Repeat the records exactly, minus the pictures.

== Record set

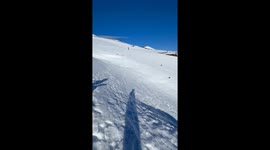 Skier falls during jump on snowy slope in Llaima, Chile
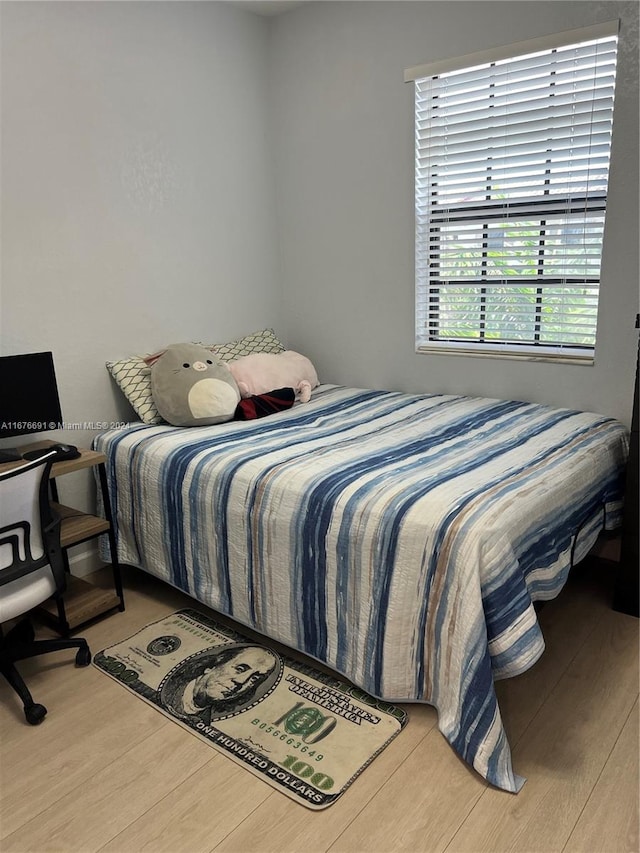 bedroom with hardwood / wood-style floors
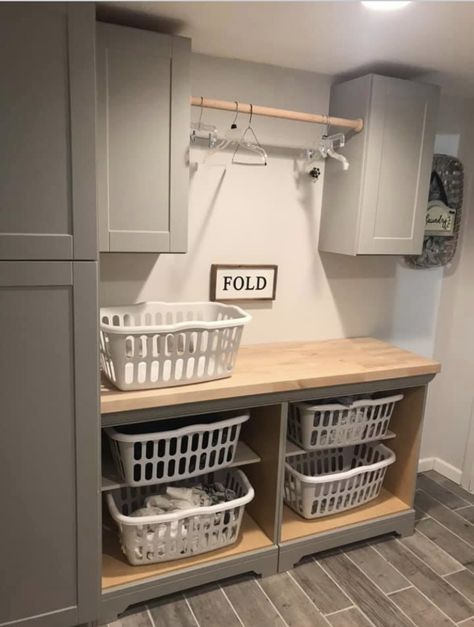 We used two matching bathroom vanities(minus the wash basin top) from Home Depot and just removed the doors for the laundry basket storage and added a butcher block counter top. Laundy Room, Laundry Room Update, Laundry Room/mud Room, Wash Room, Laundry Room Wallpaper, Dream Laundry Room, Basement Laundry, Mudroom Laundry Room, Laundry Room Layouts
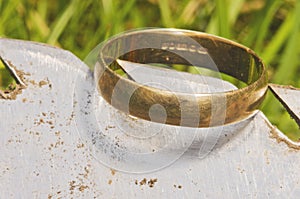 Old gold wedding ring exposed on shovel,found in life dig by metal detector.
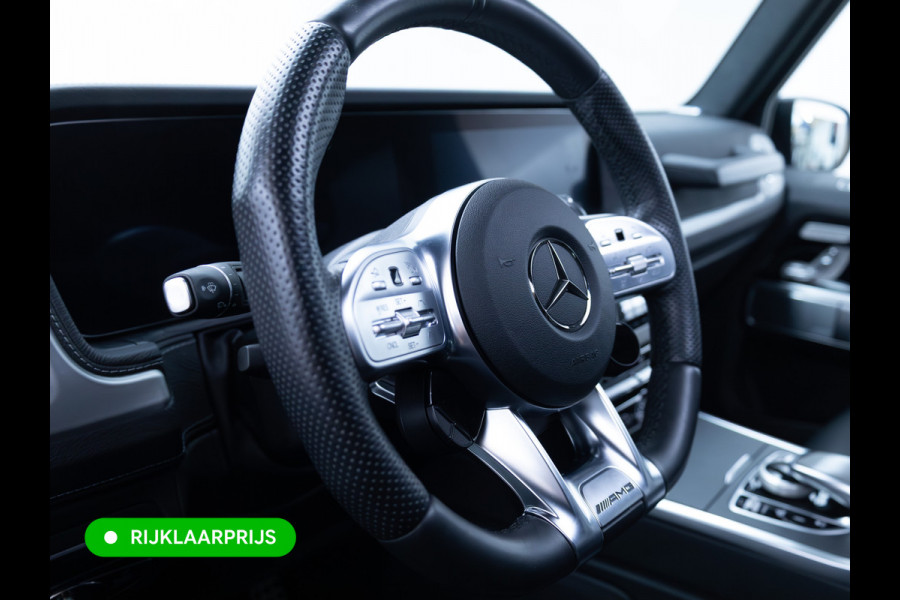 Mercedes-Benz G-Klasse 63 AMG Prem.Plus | Elek. schuif-/kanteldak | Burmester High end | Stoelverw. & koeling | Memory stoelen | Adap. cruise | Trekhaak, Treeplanken, Alcantara hemel, 360 Camera, Massagestoelen, NL auto, Volledig dealer onderhouden.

====

Solution below:
 Skier falls during jump on snowy slope in Llaima, Chile
 bedroom with hardwood / wood-style floors
 We used two matching bathroom vanities(minus the wash basin top) from Home Depot and just removed the doors for the laundry basket storage and added a butcher block counter top. Laundy Room, Laundry Room Update, Laundry Room/mud Room, Wash Room, Laundry Room Wallpaper, Dream Laundry Room, Basement Laundry, Mudroom Laundry Room, Laundry Room Layouts
 Old gold wedding ring exposed on shovel,found in life dig by metal detector.
 Mercedes-Benz G-Klasse 63 AMG Prem.Plus | Elek. schuif-/kanteldak | Burmester High end | Stoelverw. & koeling | Memory stoelen | Adap. cruise | Trekhaak, Treeplanken, Alcantara hemel, 360 Camera, Massagestoelen, NL auto, Volledig dealer onderhouden.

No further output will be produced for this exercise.